The authoritative House of Commons Trade and Industry Committee reported (Energy Policy -June 1998): “We see no grounds for major concern over the very diverse countries of origin of supplies of gas, nor the prospects of prices being driven unnaturally high by cartel ... There are no reasons either on grounds of security of supply or of confidence in long term availability to resist the growing use of gas.” Don Huberts who heads Shell Hydrogen, a division of Royal Dutch Shell is convinced that new energy sources will soon begin to replace fossil fuels. He wrote in The Economist: “The stone age did not end because the world ran out of stones and the oil age will not end because the world runs out of oil.”

Apart from conventional gas reserves, hydrates (compressed methane) found in immense quantities on the ocean floor are alone sufficient to power the world for another millennium. The problem at the moment is how to recover them without releasing the gas once the pressure is off, but a Japanese company is currently planning to drill down to a known deposit 40 miles off Japan's Pacific coast.

The conclusion we must draw is that there is at least no rush to plaster our landscape with huge turbines. An unpredictable and intermittent energy source like wind can never supply more than about 10% of our electricity without causing major disruption to the system as it cuts in and out. If in fifty years it is clear that even this marginal quantity of electricity is vital, then at least wind turbines have the virtue that they can be erected very quickly.

CO2 Emissions and Global Warming

The burning of fossil fuels is a major source of CO2 emissions, which have risen dramatically over the last twenty five years and been linked by many scientists to global warming. Estimates vary about how much the world will warm over the next century, about what the effects will be and about the extent to which human activity rather than natural cyclical effects are the cause of climate change. According to The New Scientist there is broad agreement that the global average temperature will rise by 1.5 degrees by 2100. It is a welcome phenomenon that governments are beginning to look at the issue and to form policies that head off potential dangers.

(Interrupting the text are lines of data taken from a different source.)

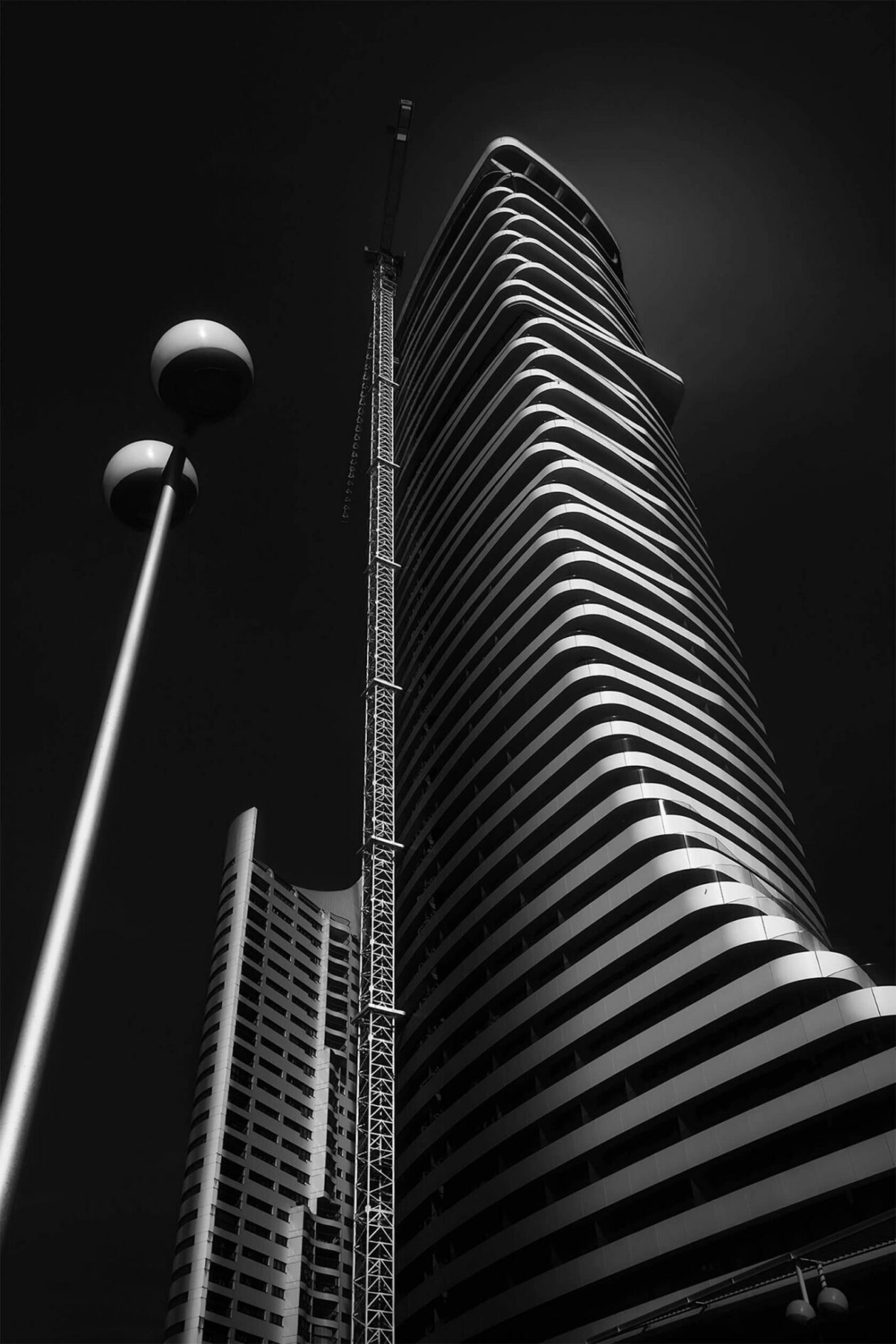 Thomas De Franzoni's Monochrome Architectural Photography (7)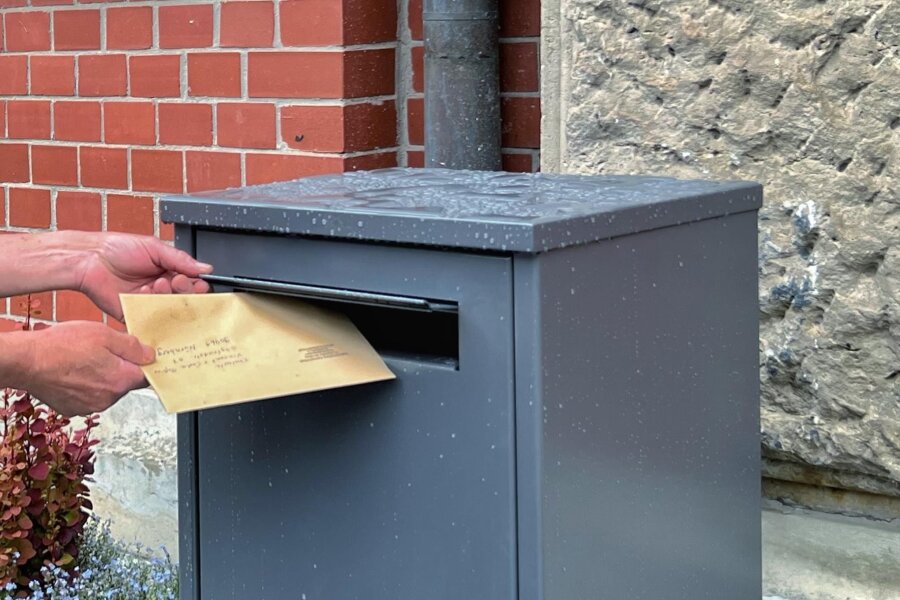 Nach Zerstörung: Warum an neuem Briefkasten am Auerbacher Rathaus eine Videokamera angebracht ist - Der gesprengte Briefkasten am Auerbacher Rathaus ist erneuert worden.
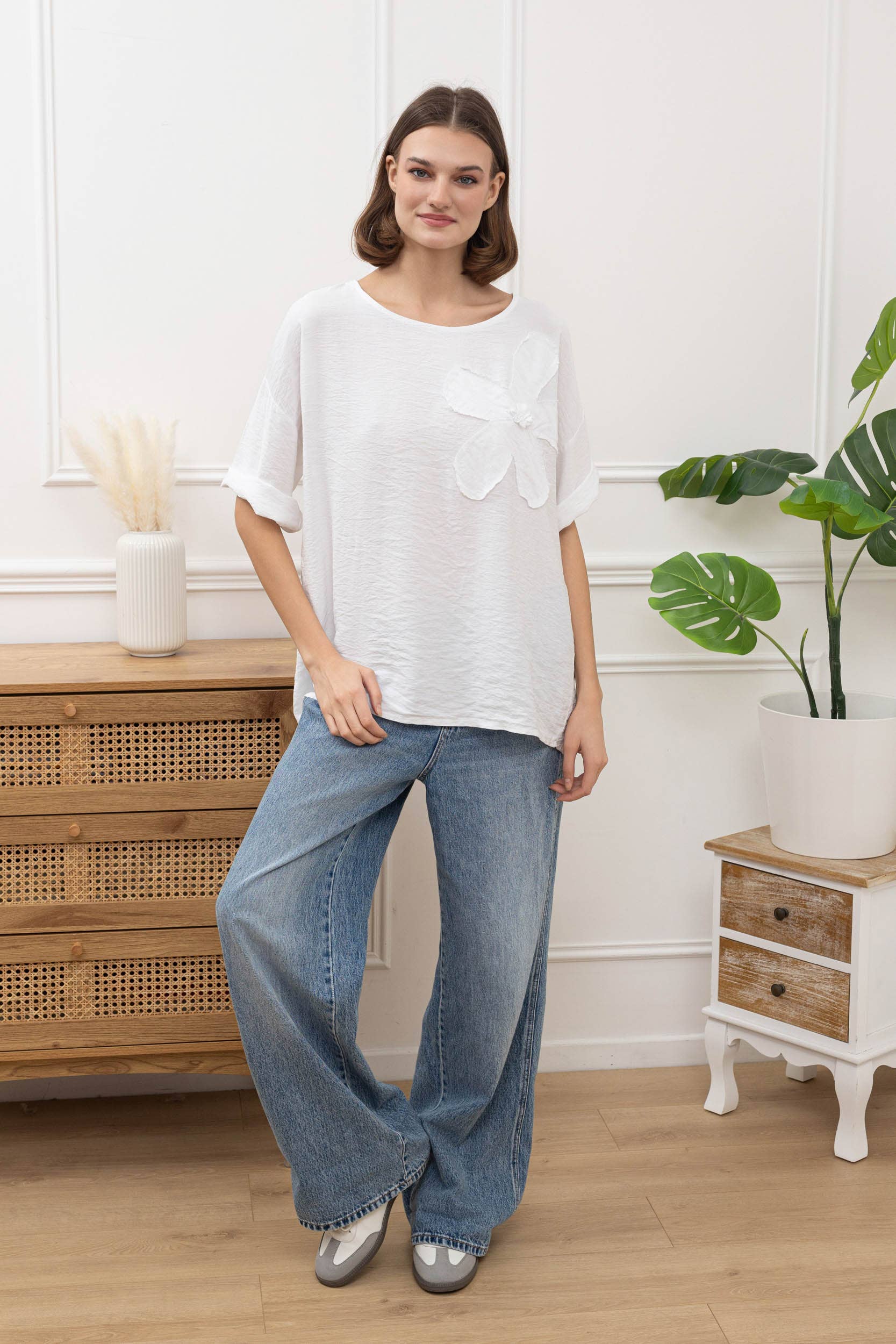 Happy look - Wholesale Blouse - Women's - Viscose Top with Round Neck and Flower Embroidery11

There is a risk, however, that governments will avoid the more difficult political decisions. If we accept that global warming is a major threat to humankind, why did the UK government impose a moratorium on the move to relatively clean gas-fired power stations and recently offer a large cash subsidy to the coal industry? Why has it avoided measures to deal with traffic growth (emissions from cars are our fastest growing source of CO2 and air travel is becoming a serious contributor)? Why is insulation material subject to VAT at 17.5% while energy consumption (our gas and electricity bills) is subject to VAT at only 5%. And while nuclear power is highly unpopular and carries obvious risks, it generates 30% of our electricity and produces virtually no CO2 - so why do we hear so little discussion of what is to replace our current nuclear power stations as they reach the end of their working life within the next ten to twenty years?

A government fearful of taking the politically difficult decisions on energy may be tempted to hide behind some green window-dressing, and this in our view is what the encouragement of wind “farms” has been since the early 1990s. According to the government's consultation paper New and Renewable Energy - prospects for the 21st Century (March 1999) it is "working towards a target of renewable energy providing 10% of UK electricity supplies ... by 2010." This "could lead to a reduction of 5 million tonnes in UK carbon emissions." Since UK Carbon emissions are projected to total 168 million tonnes of carbon by then, the renewables programme could lead to a reduction of just under 3%. Not all the renewable energy is to come from wind. Other sources are hydro, energy crops, waste incineration and other biomass. The projection is that wind will contribute between 2.1% and 4.4% of UK electricity supplies, according to the constraints put on the development of wind "farms". Thus, using the government's figures, wind farms could lead to a reduction of between 1.05 and 2.2 million tonnes of carbon per year - between 0.6% and 1.3% of UK emissions - between 0.004% and 0.009% of global CO2 emissions. Clearly that will have no effect whatsoever on global warming or climate change.


Wind Turbines and Carbon Dioxide - a case study

A large turbine in Gloucestershire saves less than the amount of CO2 produced by just one articulated lorry.

At Nympsfield in Gloucestershire a single 500 kW gearless Enercon turbine was commissioned in Dec. 1996. Its annual output is about 1.11 million kWh (Tilting at Windmills BBC 2, 2.2.99). Since the turbine generates not only during the day, when it might displace oil- or coal-fired generation, but also at night when mainly nuclear and gas generation are operating, it is logical to assume that it displaces a mix of fuels, rather than only coal or oil. Department of Trade and Industry figures indicate that the 1995 generating fuel mix produced an average of 620g. of CO2 per unit of electricity generated. Thus we can calculate that the Nympsfield turbine saved about 688 tonnes each year, or 0.078 tonnes per hour.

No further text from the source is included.